We’ve hired three drivers, two for the half of the group that includes me, Lara, Professor Victor Aguilar from the Universidad National de San Agustin, and Christine Worthington, one of Lara’s graduate students from UNC. The other group—Jenny Hanna, a student of Maureen’s, Mike, and Astrid Martinez, a friend of Lara’s who is here to translate and help out—has a van to themselves.
We load four types of shovels, two types of cement, and five barrels into our trucks. After clearing the edges of Cusco, we start to climb over a high pass. I can see snow covered mountains in the distance, and alpaca and sheep farms line the highway. A woman and two children come out of a stone house to beg, lowering cupped hands towards the road.
This particular road used to be known as the worst in Peru, but it is currently under construction, and large parts of it are now paved. We arrive at a possible site much sooner than expected, and a family agrees to let us put a station in their chicken yard.
There are boulders everywhere, and the man who owns the property tells us that an avalanche deposited them all over his part of the valley. The rocks are not only on the ground, but they are also underneath it, and digging the hole for the barrel proves somewhat challenging. Lara, Christine, and I are all ready to work, but the drivers, Victor, and the owner are reluctant to let us women dig. Victor smiles and points at the men. “Hombres machos,” he says.
Lara ignores them and grabs a rock breaker, earning herself the title of “trabajera.” Some of the rocks are probably 200 lbs, so Lara strikes a compromise. “Les hombres les rockas, les mujeres la terra.” This seems to satisfy everyone, and in between rocks, Christine and I start digging.
When we’re done, we mix concrete and pour it into the hole. Then we put the barrel in, level it, and add more self-leveling grout on the inside. The concrete on the outside keeps the barrel stable, and the grout keeps the inside level as well.

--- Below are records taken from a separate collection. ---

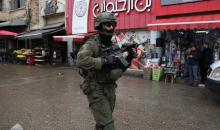 القوات الإسرائيلية تداهم عدد من المحال التجارية في السوق المركزي وتطلق النار تجاه بناية سكنية، وتوقف عدد من المواطنين في البلدة القديمة بمدينة نابلس، 1 يناير/كانون الثاني ٢٠٢٦. صورة: محمد ناصر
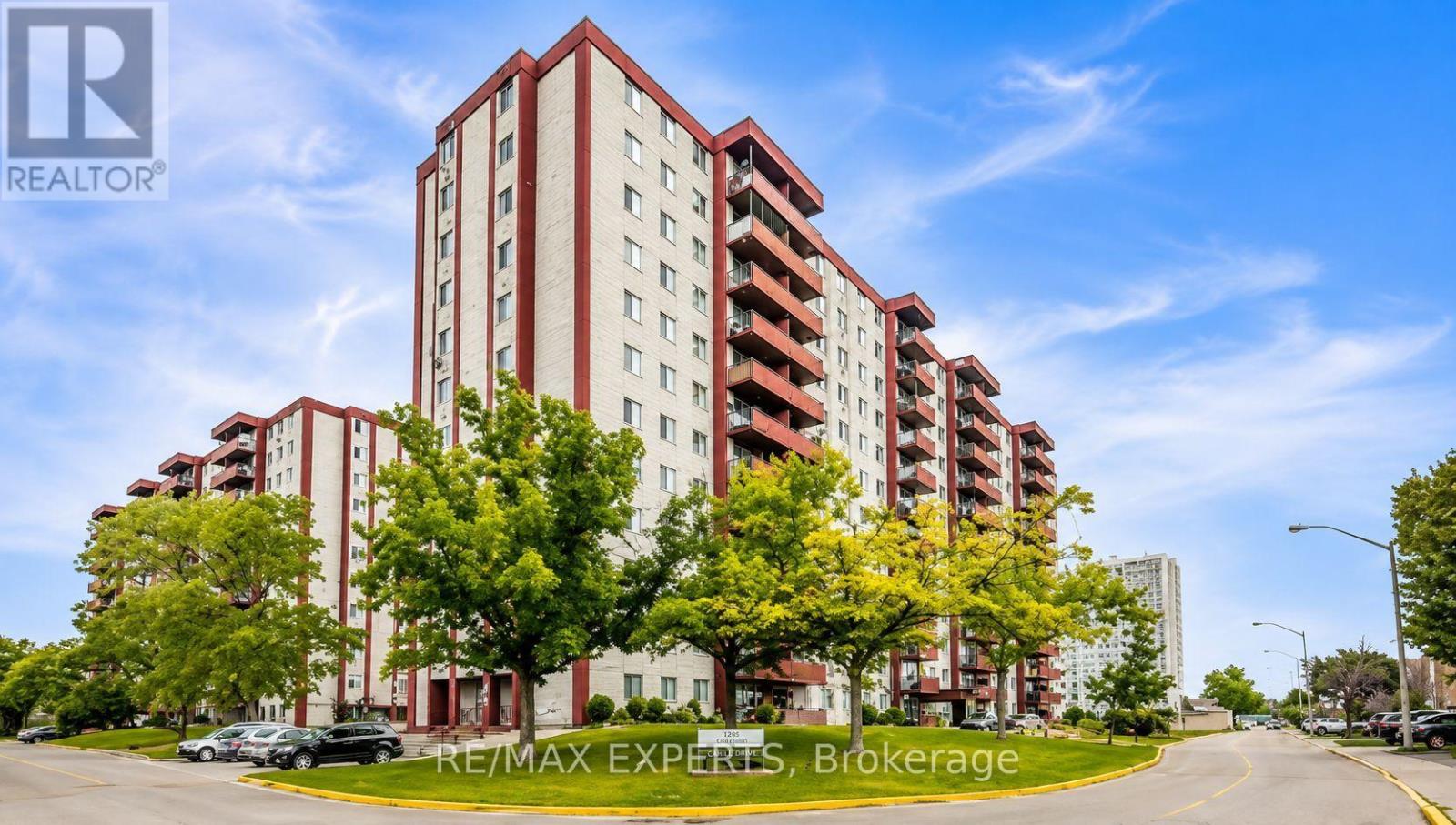 410 - 50 Lotherton Pathway, Toronto, Ontario  M6B 2G7 - Photo 1 - W13701394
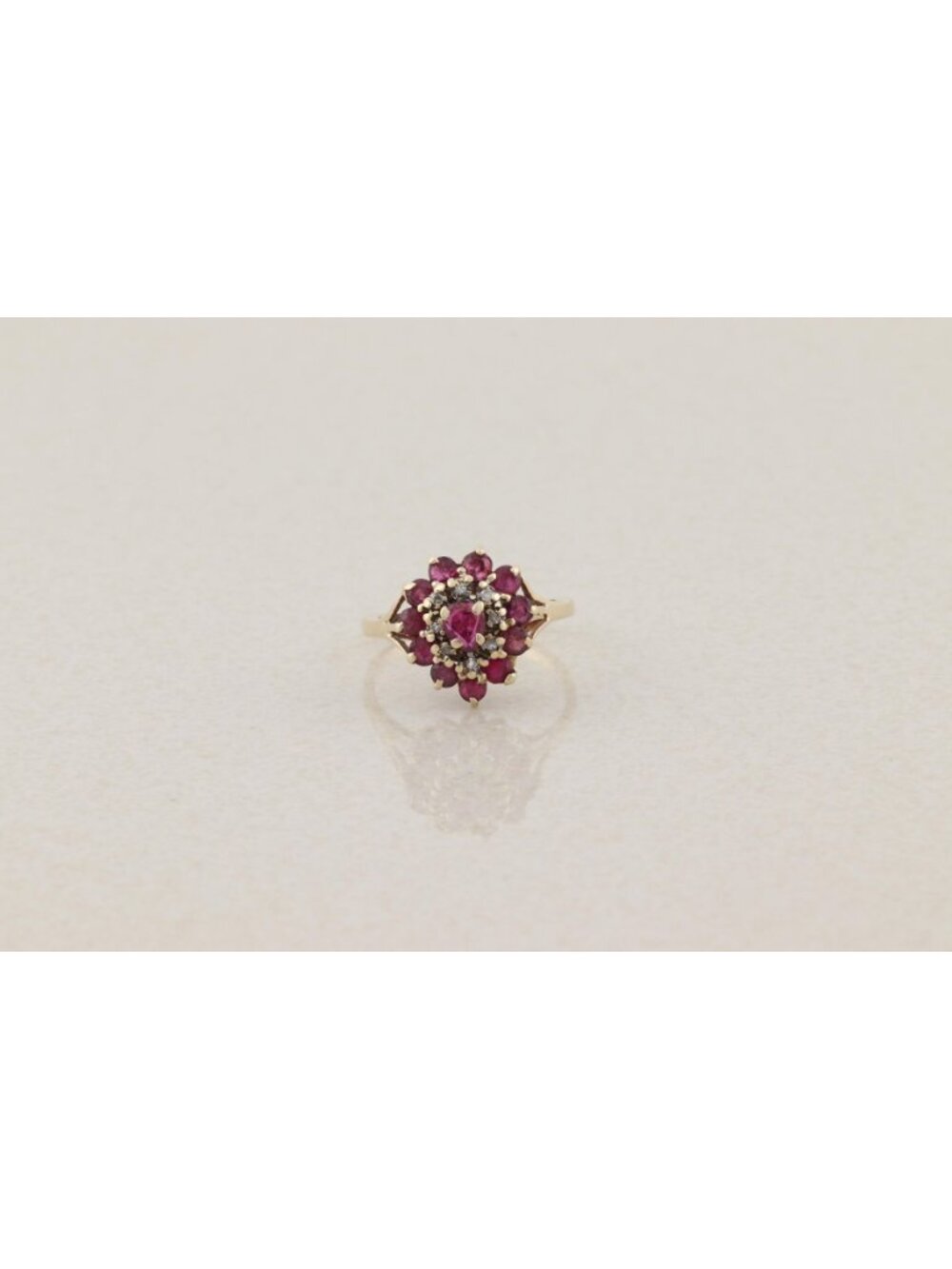 10k Yellow Gold Natural Ruby and Diamond Cluster Ring Size 6 1/4 - Picture 6 of 9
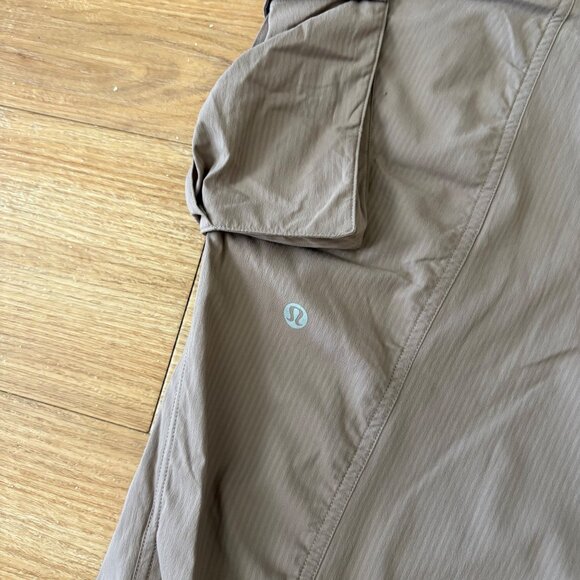 Lululemon Athletic Dance Studio Relaxed Fit MR Cargo Joggers Taupetastic Size M - Picture 7 of 8
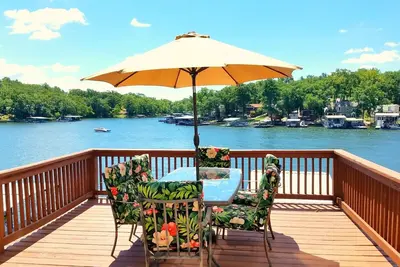 Image de 8mm! Vue sur le lac / crique amusante! Parfait pour les familles - 2 cuisines, 3 ponts et 2 quais!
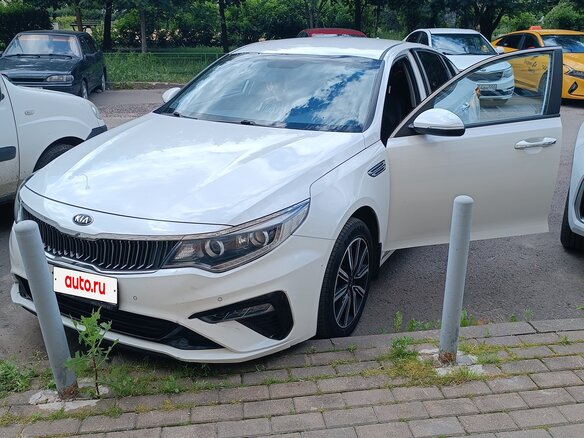 2019 Kia Optima IV Рестайлинг, белый, 1900000 рублей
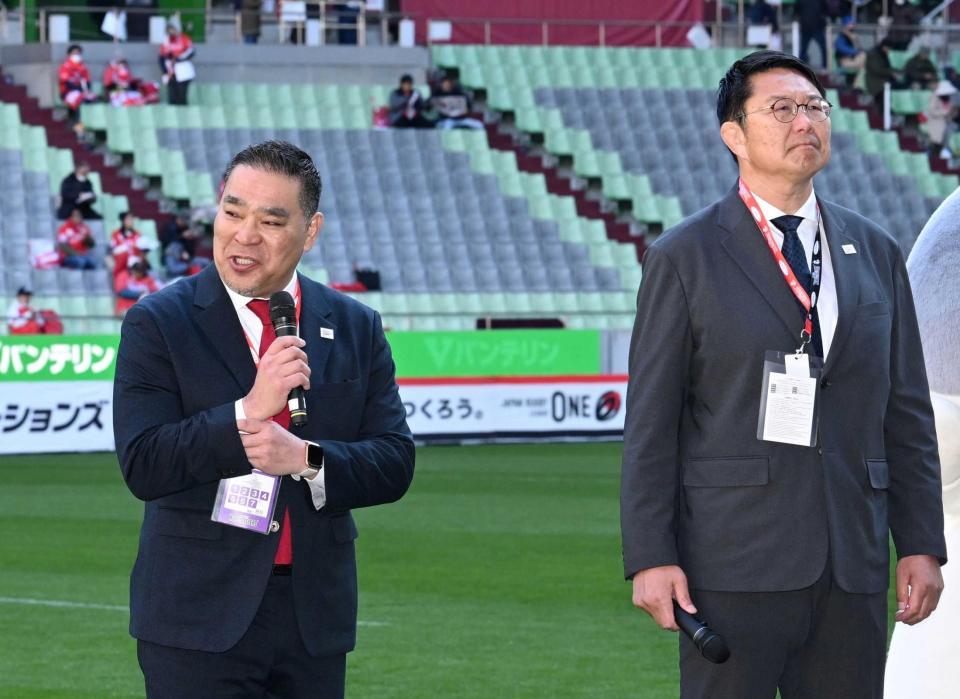 　被災体験などを語る増保氏（左）と桜庭氏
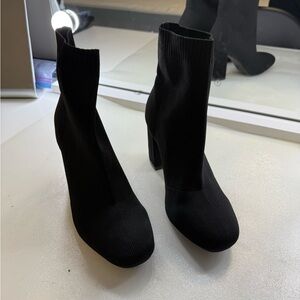 Elegant Black Ankle Boots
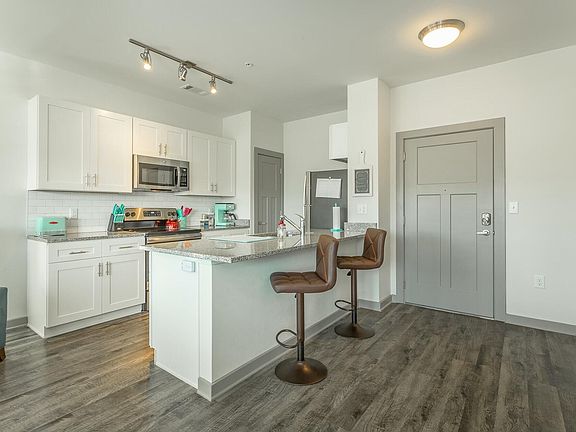5th image of 804 Riverfront Pkwy Unit 410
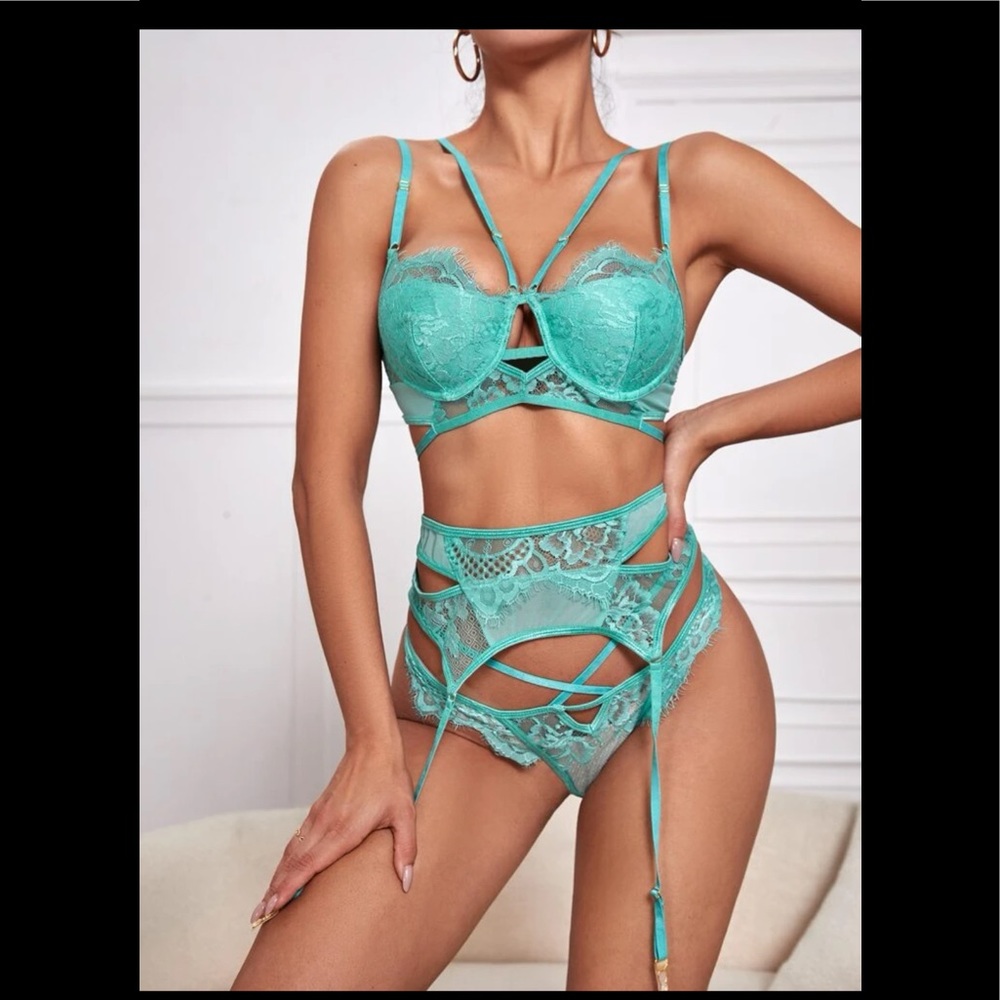 ⭐️ 2 for $25 / 3 for $30⭐️ - Picture 3 of 4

The leveling is to insure that when the seismometer is placed inside the barrel, it will be able to correctly read which seismic waves are coming vertically through the mantle, and which are coming horizontally through the crust.
After we get the site prepared, I climb in the car with Victor and he hands me a Spanish-English dictionary. As the landscape outside the car changes, I learn enough to ask him what kinds of trees are in the jungle on either side of us. He tells me there are plantain trees and coconut palms.
The road also winds along a river, and the construction has created a lot of loose soil which miners downstream pan for gold. That night, we stay in a mining town that could have come straight out of the American west circa 1860. The only grown women in evidence run hotels, laundries, and restaurants. The main drag is studded with pay telephones and gold buyers for those who strike it rich.
At dinner, Lara pulls out her computer to look at sites for the next day, and three children from the town gaze over her shoulder. She turns on photo booth, and lets them take pictures of themselves with silly faces.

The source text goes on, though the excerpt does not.